*EXERCISE DESCRIPTION*:
Only one span of the listing below should come back. It runs from the line with "Courbe de l'humidit" through the line with "Drawn to Sex Vol.1 - The Basics - Page 97", and each of its lines must be reproduced exactly.

---------- INFORMATION SHOWN

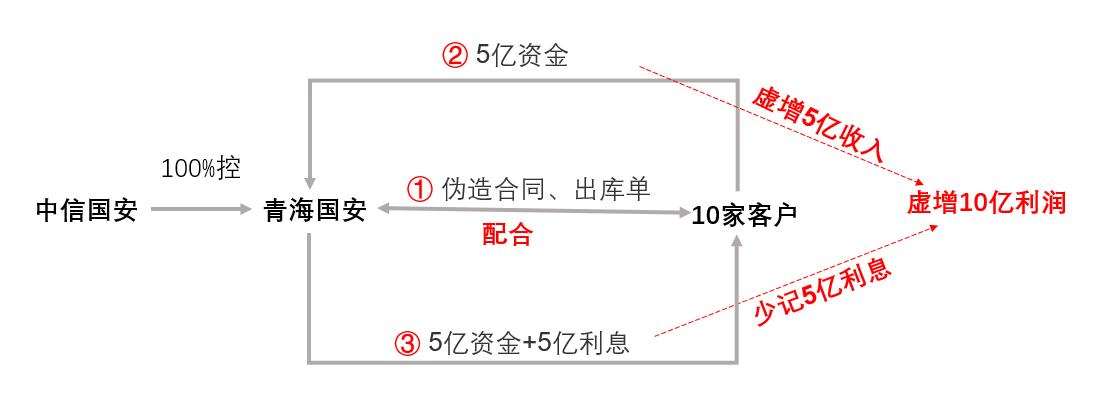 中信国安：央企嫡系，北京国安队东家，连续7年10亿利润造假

--------------------
---------- INFORMATION SHOWN

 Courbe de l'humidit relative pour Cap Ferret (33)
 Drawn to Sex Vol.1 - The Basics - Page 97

--------------------

*SOLUTION TO THIS EXERCISE*:
 Courbe de l'humidit relative pour Cap Ferret (33)
 Drawn to Sex Vol.1 - The Basics - Page 97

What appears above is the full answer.